» What needs to be done: Retype exactly the lines from the one that contains "Residencial Pousada Das" through the end of the listing, both included, but not the pictures.

» Information supplied:
-------------------------
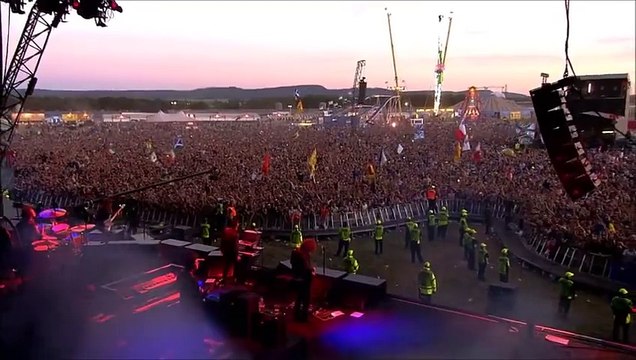 [4 19] The Killers, Smile Like You Mean It Live At T In The Park 2013 [Hd 1080p]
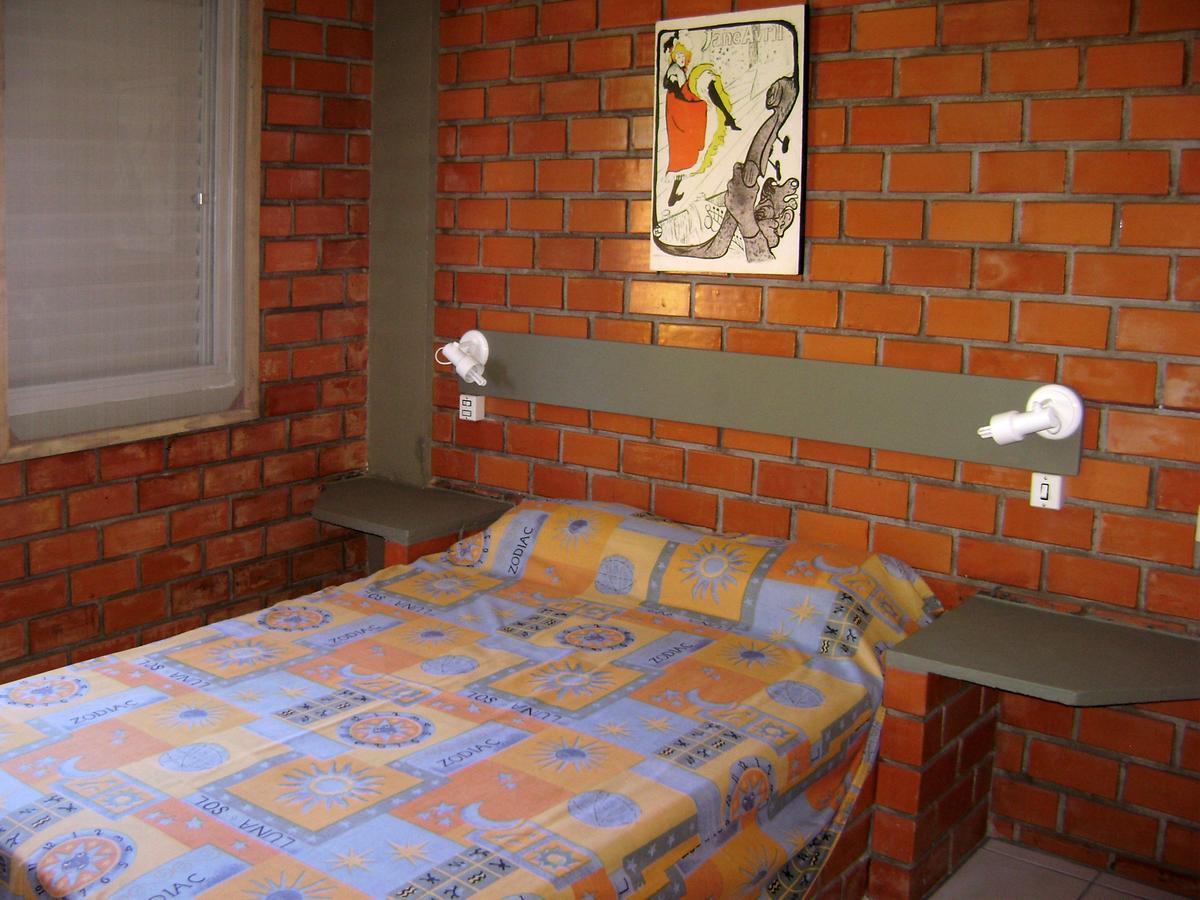 Residencial Pousada Das Araras Florianópolis Buitenkant foto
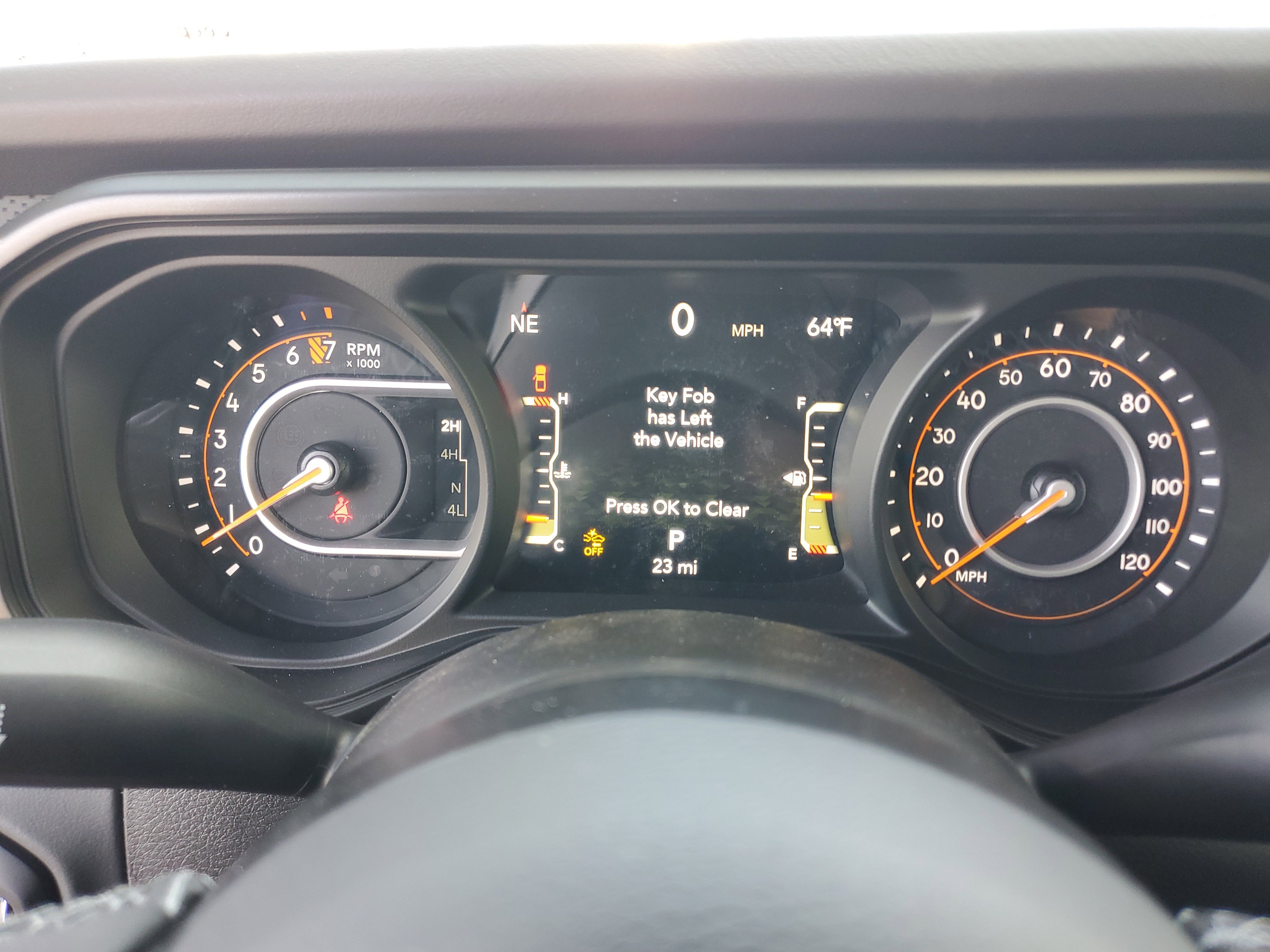 New 2026 Reign Jeep Rubicon image 21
-------------------------
» Problem solution:
 Residencial Pousada Das Araras Florianópolis Buitenkant foto
 New 2026 Reign Jeep Rubicon image 21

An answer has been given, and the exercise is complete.